Jakarta, Aktual.com – Dana Moneter Internasional (International Monetary Fund/IMF) memprakirakan inflasi di Indonesia pada akhir 2017 naik ke kisaran 4,5 persen karena terimbas pengurangan subsidi listrik dan pemulihan harga komoditas.
Ekonom Institute for Development of Economics and Finance (Indef) Bhima Yudhistira berpendapat tekanan inflasi tahun ini sangat bersumber dari kelompok tarif yang diatur pemerintah (administered prices).
Bhima juga mengingatkan tekanan inflasi lebih besar mungkin bisa datang dalam waktu dekat, dengan terus menanjaknya harga minyak mentah dunia, yang bisa memicu kenaikan harga bahan bakar minyak di dalam negeri.
“Kenaikan harga BBM bisa sangat sensitif sekali terhadap inflasi.
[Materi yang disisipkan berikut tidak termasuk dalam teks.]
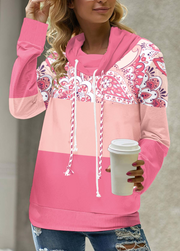 Pink Patchwork Tribal Print Long Sleeve Hoodie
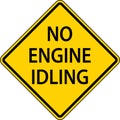 No Engine Idling Sign On White Background Royalty Free Stock Photo
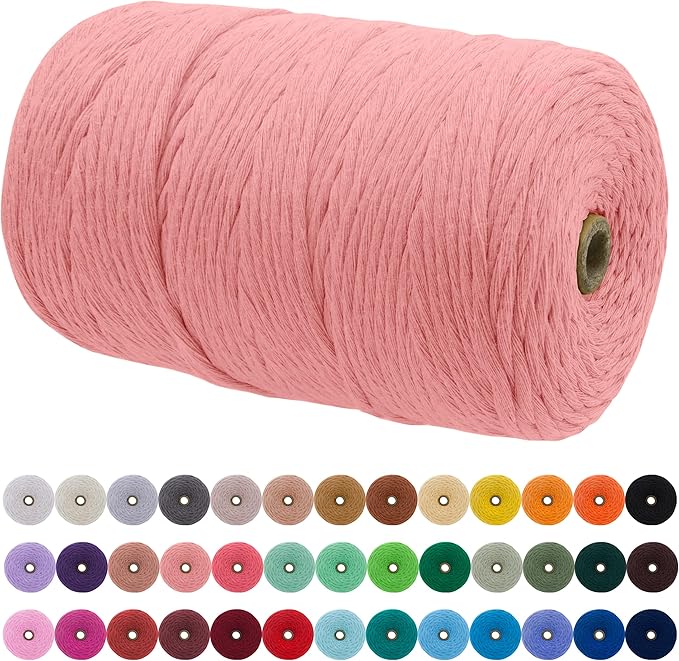 JeogYong Single Strand Macrame Cord 3mm x 218 Yards (656 Feet) Soft Cotton Rope Macrame Yarn 3 mm Macrame Cord, Macrame Supplies for Crafts Wall Hangings Plant Hangers Decorations (Flesh Pink)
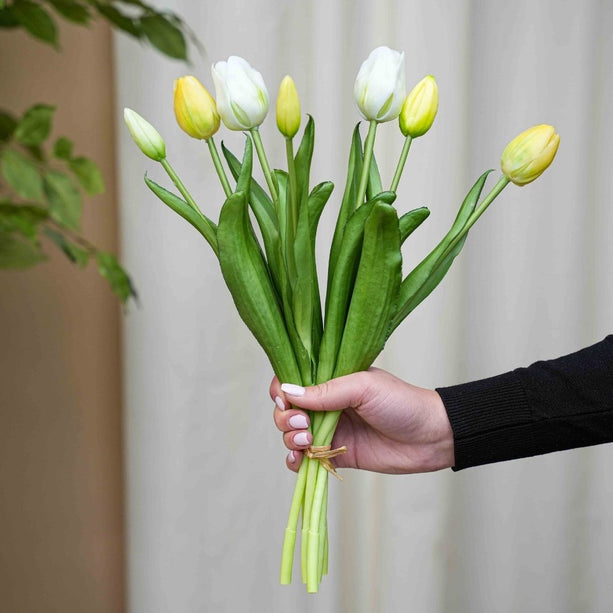 Tulpenboeket - Soft Light - ‘Real Touch’ Kunsttulpen - 7 stelen - 40 cm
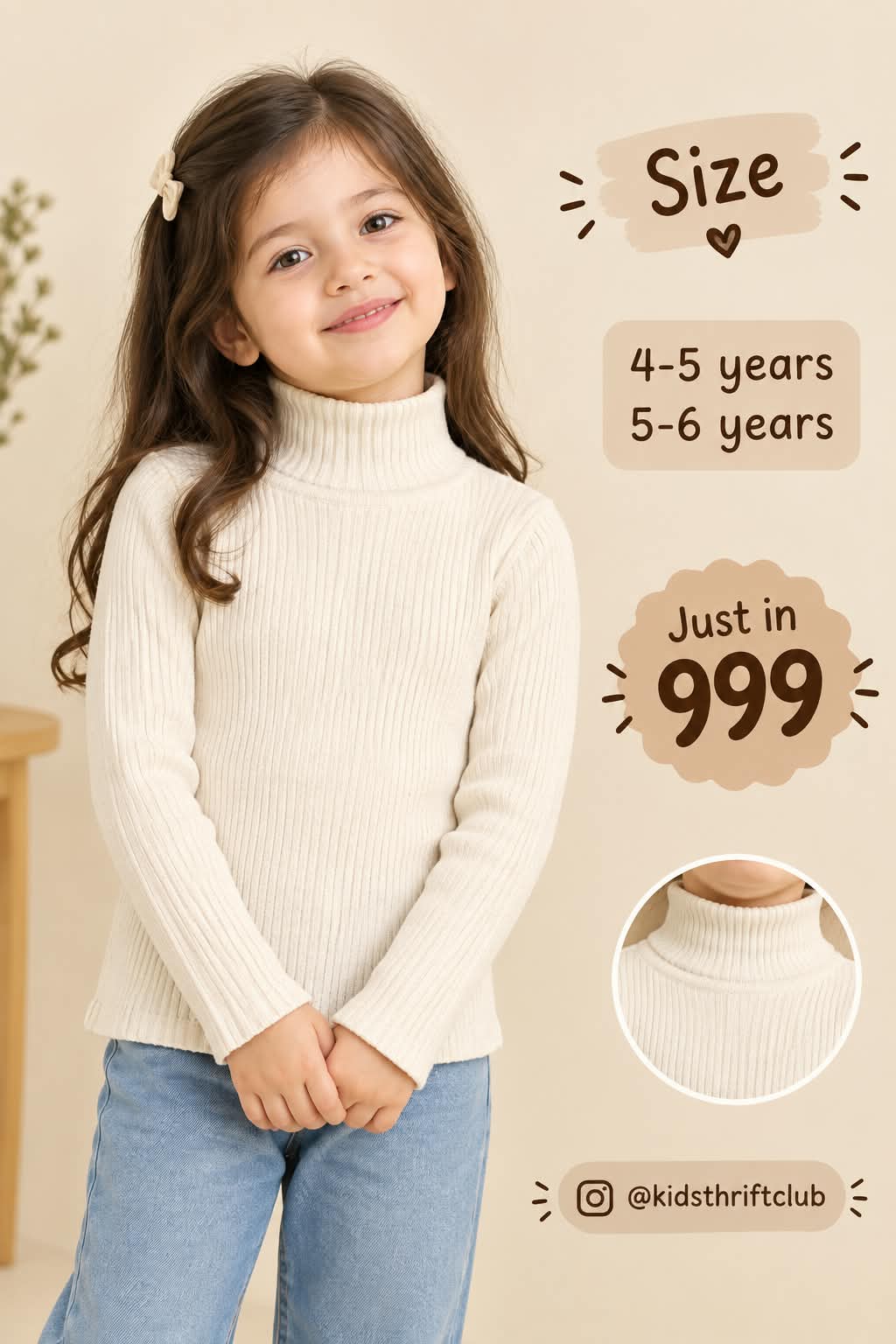 Cream Ribbed Turtleneck Sweater for Girls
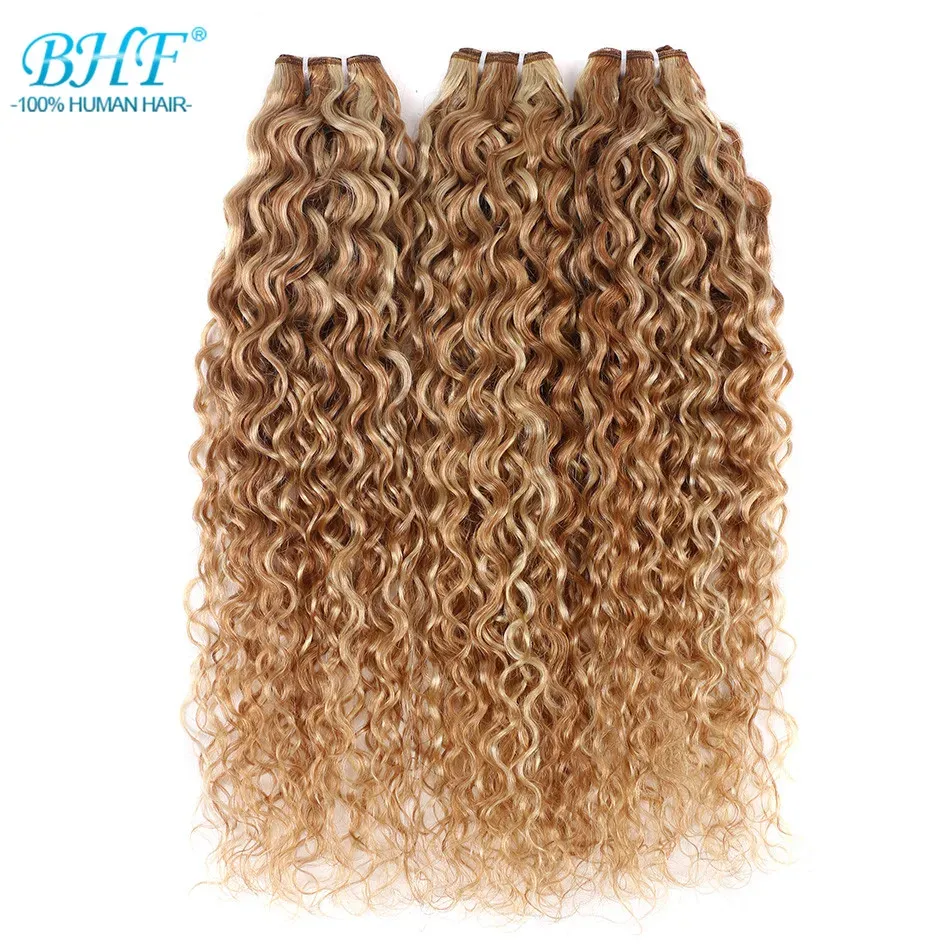 Trama bhf ombre água tecer cabelo humano piano cor onda máquina remy cabelo encaracolado trama dupla costurar em extensões de cabelo natural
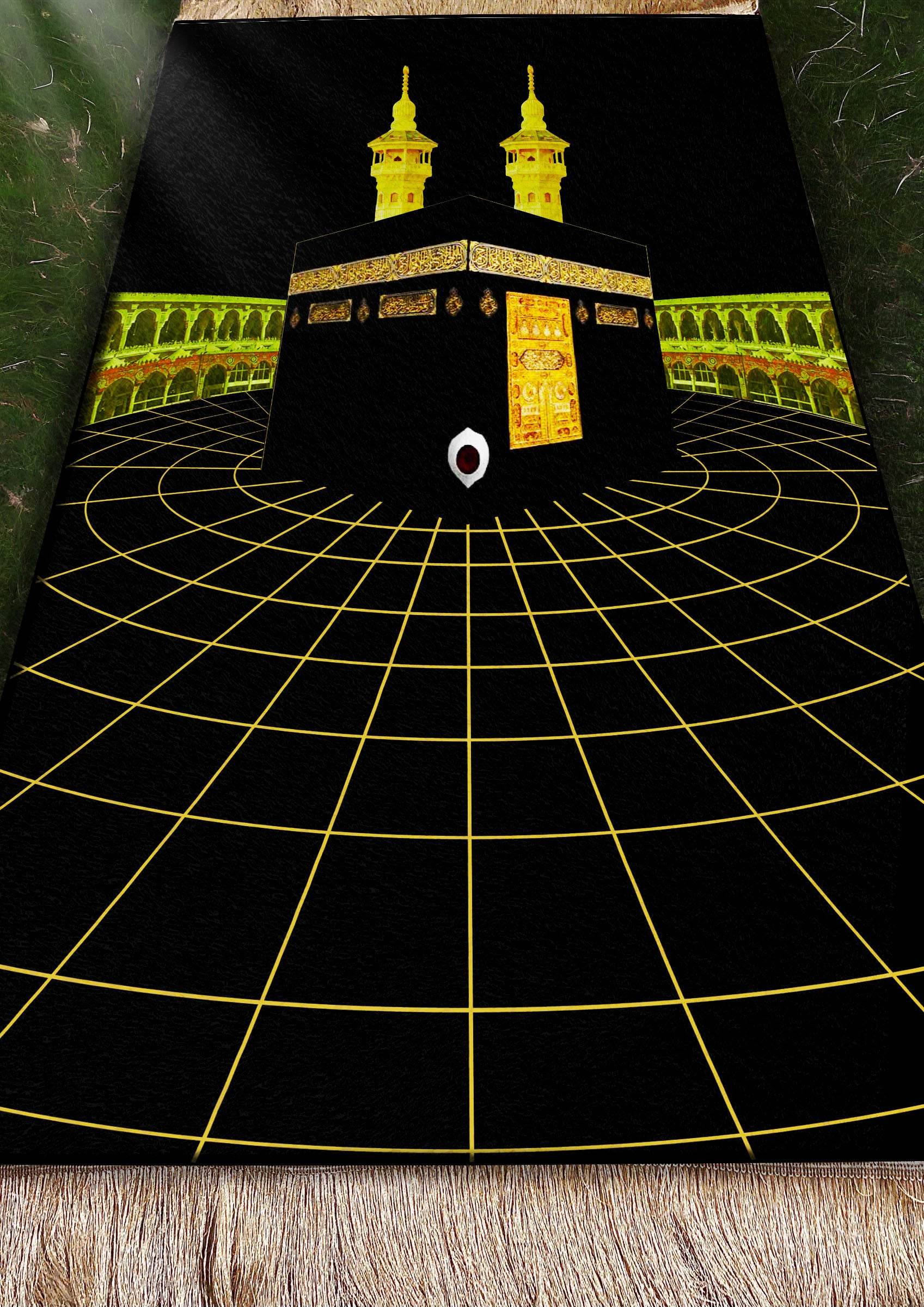 Siyah Kabe Desenli İsme Özel Keten Astarlı Lüks Seccade - Carpetella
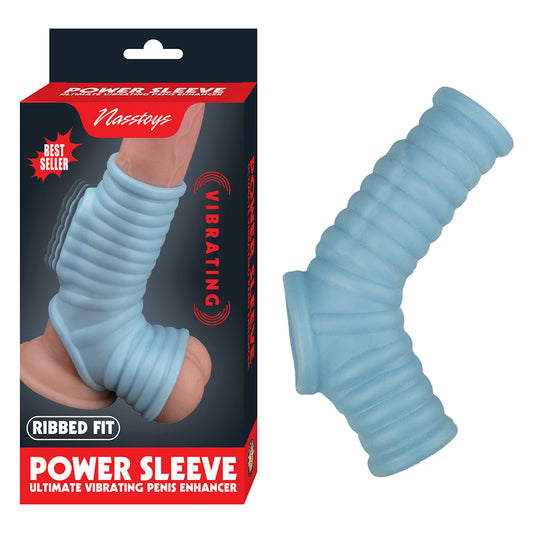 Nasstoys Power Sleeve Ribbed Fit Vibrating Penis Enhancer – Blue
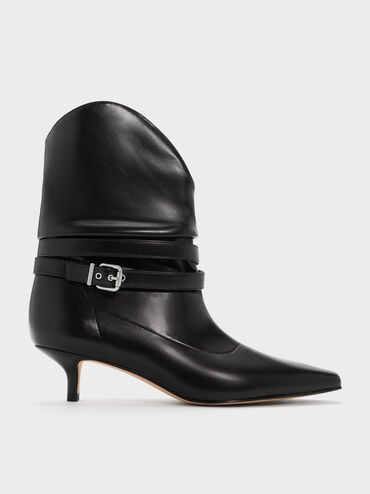 Karter Pointed-Toe Ruched Buckled Kitten-Heel Boots, Black, hi-res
Pada semester I 2017, tekanan untuk menaikkan harga BBM cukup tinggi,” ujarnya, Sabtu (4/2).
Indef memperkirakan inflasi 2017 akan berada di 4-4,25 persen.
“Perkiraan kita belum seekstrem IMF yang hingga 4,5 persen,” ujarnya.
Ekonom Senior PT. Bank Mandiri Persero Tbk Andry Asmoro sebelumnya mengatakan tim ekonom Bank Mandiri masih memperkirakan inflasi 2017 di sekitar 4,2 persen, meskipun kenaikan inflasi di Januari 2017 melebihi ekspetasi.
Namun inflasi, kata Andry, bisa melompat jauh, jika pemerintah dan Bank Indonesia terlambat mengantisipasi tekanan dari tarif harga barang bergejolak (volatile food), untuk mengkompensasi kenaikan tarif “administered prices”.
Gubernur BI Agus Martowardojo dalam pernyataan tertulisnya, mengatakan Bank Sentral akan tetap menjaga stabilitas makroekonomi dan sistem keuangan, dengan tetap mengoptimalkan pemulihan ekonomi domestik di tengah ketidakpastian pasar keuangan global.
“Bank Indonesia menyambut baik hasil assessment IMF terhadap perekonomian Indonesia pada tahun 2016, yang menilai bahwa Indonesia telah berhasil menjaga stabilitas makroekonomi dan menyesuaikan diri dengan perubahan yang terjadi di lingkungan eksternal,” ujar Agus.